(PROVIDED RECORDS Opens)
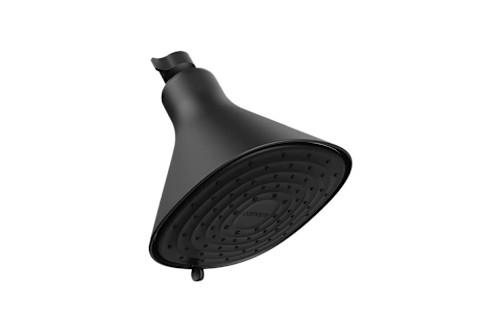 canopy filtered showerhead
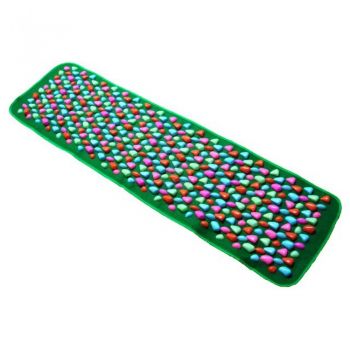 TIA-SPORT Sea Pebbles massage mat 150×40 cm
(PROVIDED RECORDS Closes)
(PROVIDED RECORDS Opens)
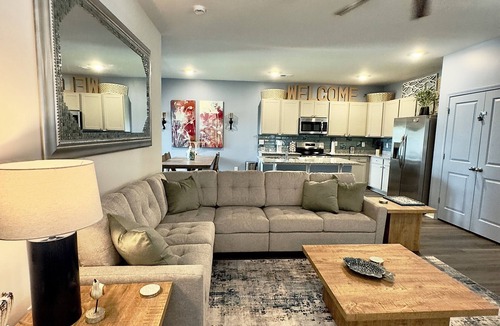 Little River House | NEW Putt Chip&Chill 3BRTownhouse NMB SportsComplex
(PROVIDED RECORDS Closes)
(PROVIDED RECORDS Opens)
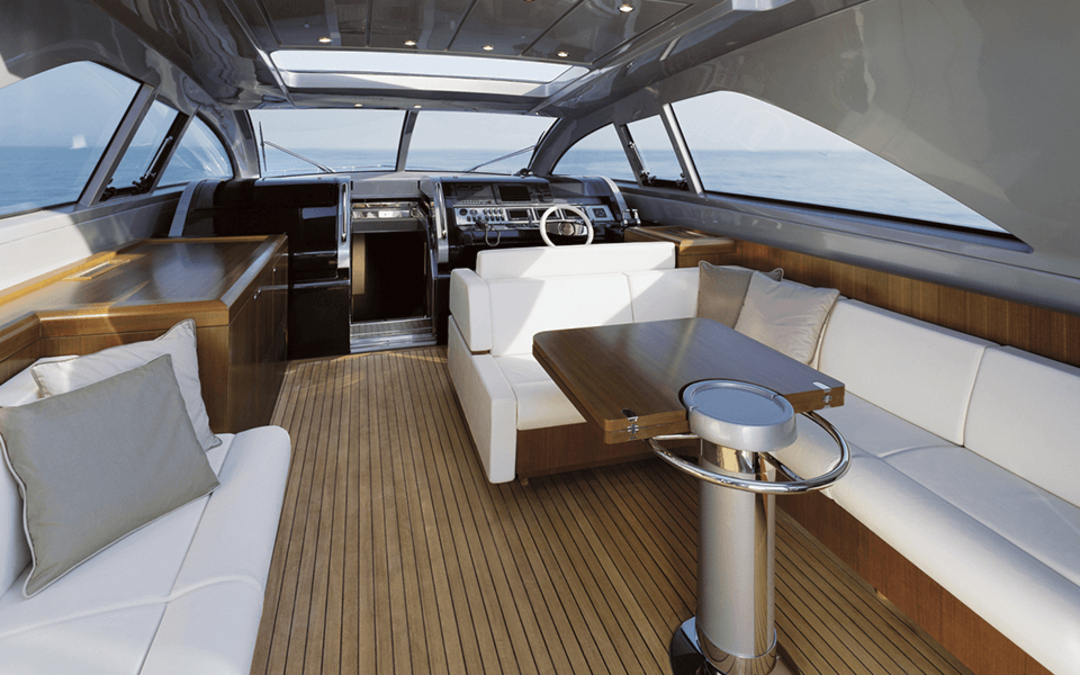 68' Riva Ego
(PROVIDED RECORDS Closes)
> ACTIVITY
After locating "canopy filtered showerhead" and "TIA-SPORT Sea Pebbles massage mat 150×40 cm" in the records above, return exactly the line holding each one and every line between them; leave out the pictures.

> FINISHED TASK
 canopy filtered showerhead
 TIA-SPORT Sea Pebbles massage mat 150×40 cm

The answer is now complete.